◆ **What to produce**
Verbatim copy, pictures excluded: every line from the one with "Bahçe işçisinde ağaç" through the final line of the data below, and no other line.

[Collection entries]
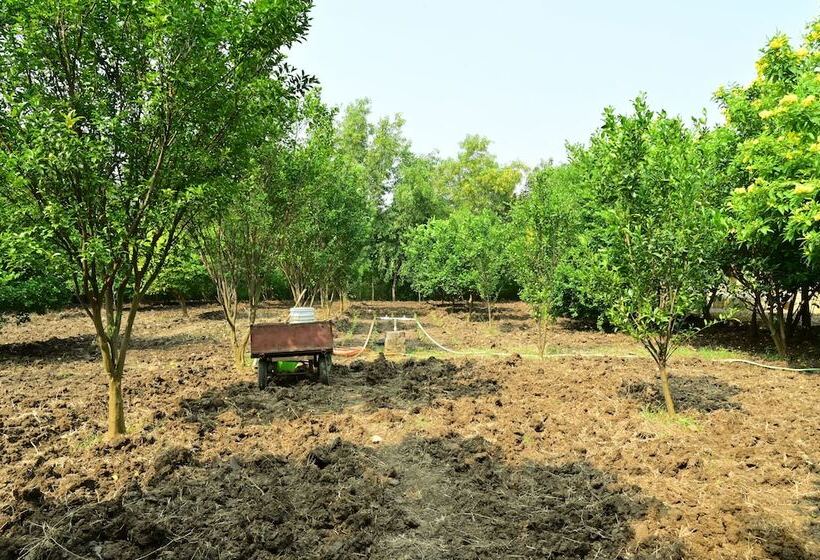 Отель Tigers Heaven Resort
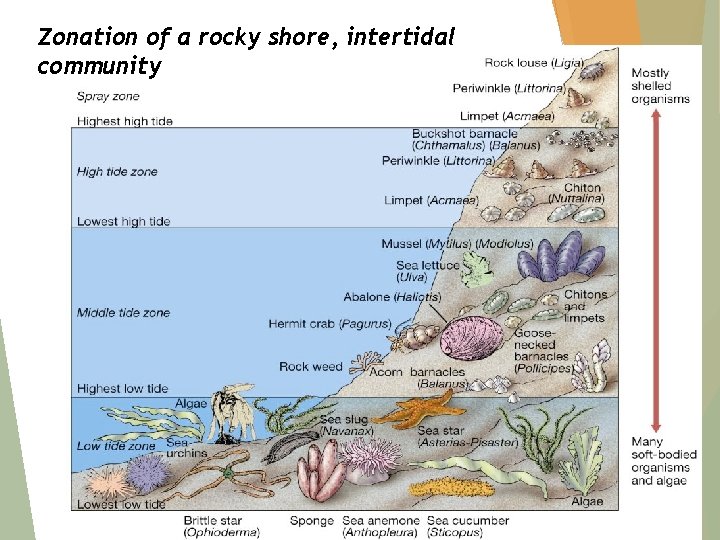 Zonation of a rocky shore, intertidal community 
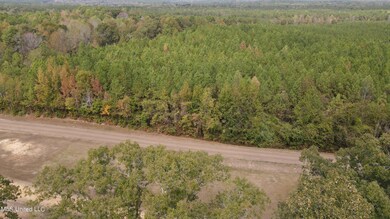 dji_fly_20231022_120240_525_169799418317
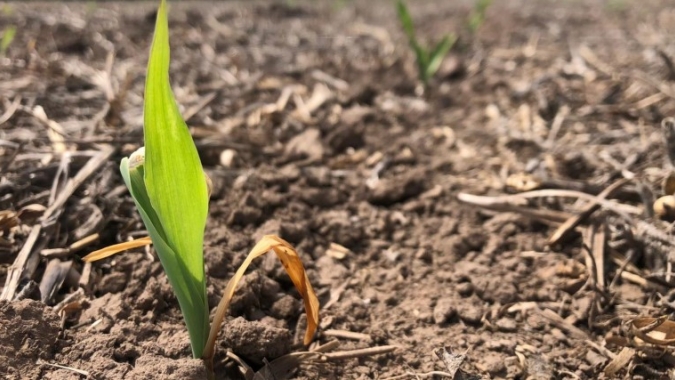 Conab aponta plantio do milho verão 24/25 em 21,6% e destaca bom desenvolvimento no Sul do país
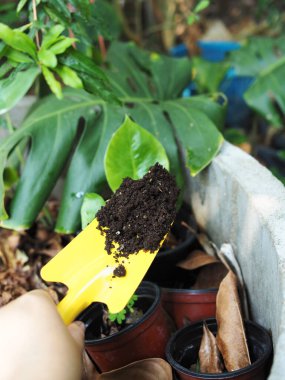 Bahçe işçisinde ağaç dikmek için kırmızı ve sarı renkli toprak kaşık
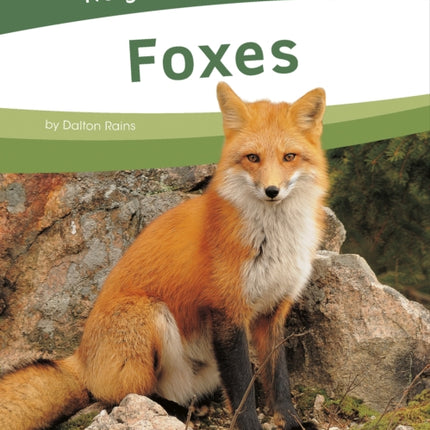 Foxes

◆ **Exercise output**
 Bahçe işçisinde ağaç dikmek için kırmızı ve sarı renkli toprak kaşık
 Foxes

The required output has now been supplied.